In preparation for the move, I spent a weekend packing my father’s apartment into boxes of “donate”, “throw out” and “send home for dad’s new life”. At the end of the three days, I transported a car loaded with his clothes, personal effects and artwork to a nearby United Parcel shipping store and gave them my address as the destination. I was proud of my sorting and packing achievement and genuinely excited over the prospect of my father returning to my life.  I knew that our time together would be shorter than long, but still….it would be ours to share.

Yesterday the 21-box collection of my father’s possessions were delivered to my home.  As the brown uniformed UPS man moved each cardboard container into my garage, the feelings of hope I had experienced in packing up my father’s life were gone.
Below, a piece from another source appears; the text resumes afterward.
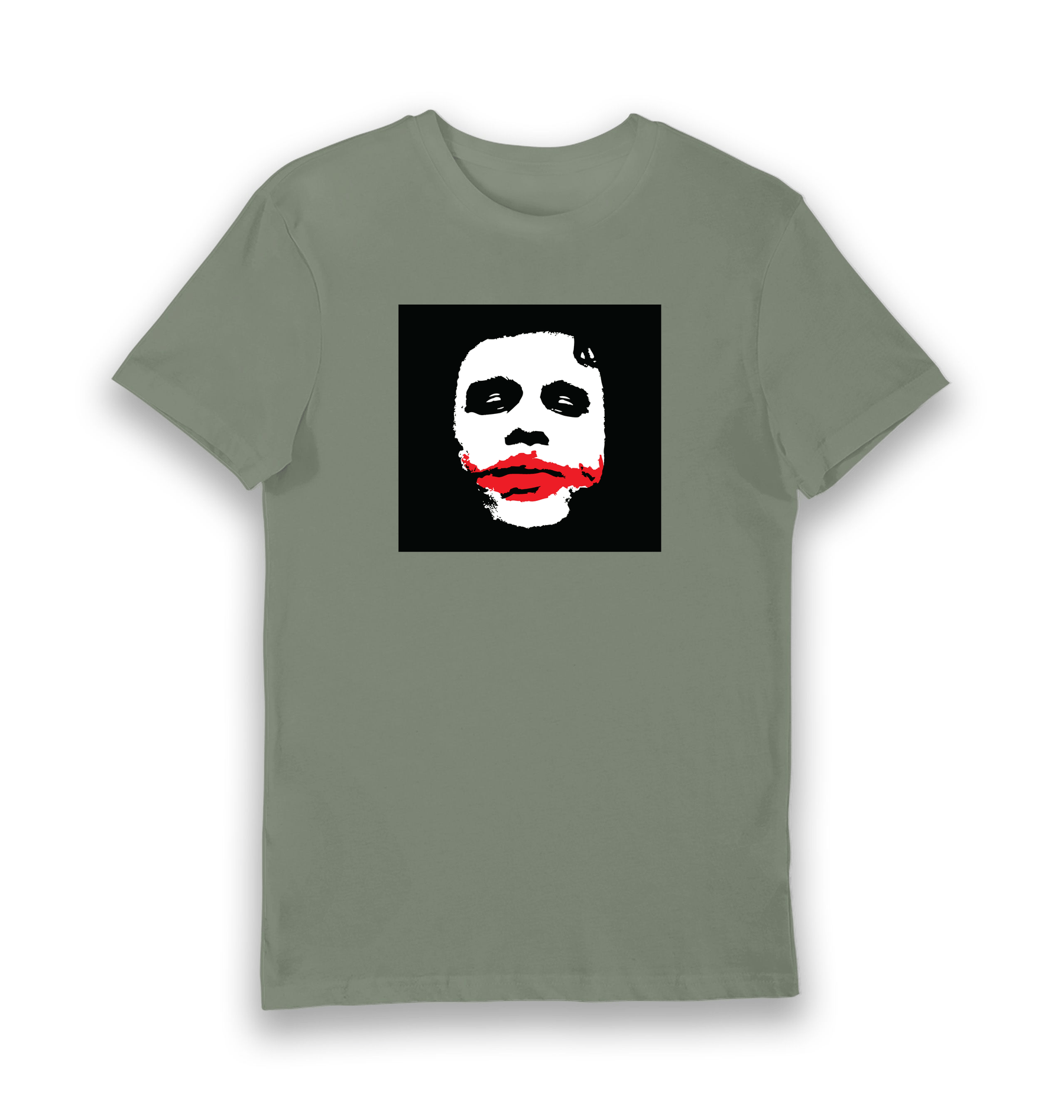 Khaki Printed T-shirt Front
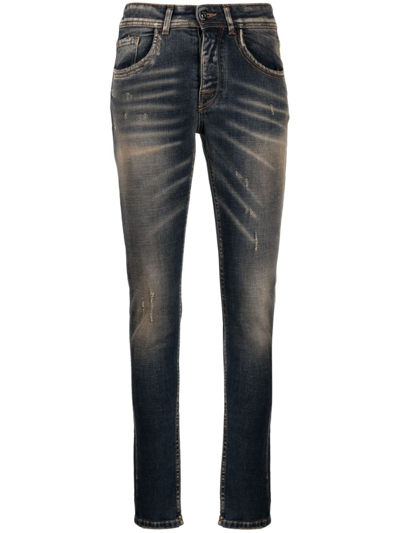 N°21 Mid-rise Fadded Skinny Jeans In Blue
They were now replaced with dread at the daunting prospect of sorting through everything again.  Only this time the sorting would be into boxes of “donate”, “throw out” and “for family members to keep in memory”.

Twenty-one Boxes

Finally, with the loving help of my daughter, I set about unpacking those 21 boxes that I imagined would provide my father comfort in our new life together. They now sit  sorted and emptied. A few are in the “trash”pile, some are set aside to accept new contents from a proposed “clean out the barn” project, The rest are receptacles for the mountain of pink peanuts that kept every last memento safe and sound in their long distance journey. And while the process was sad, still I have yet to cry or mourn.

I am hoping that these last few months ….years really….have played out in a way that have left me numb. That as I have a chance to reflect and review, feelings and emotions will return to my being and I will grieve as I know I should…. as is my way.

Yet if and when I do, deep down in my heart I believe that my sadness will be as much for what was not, as what was.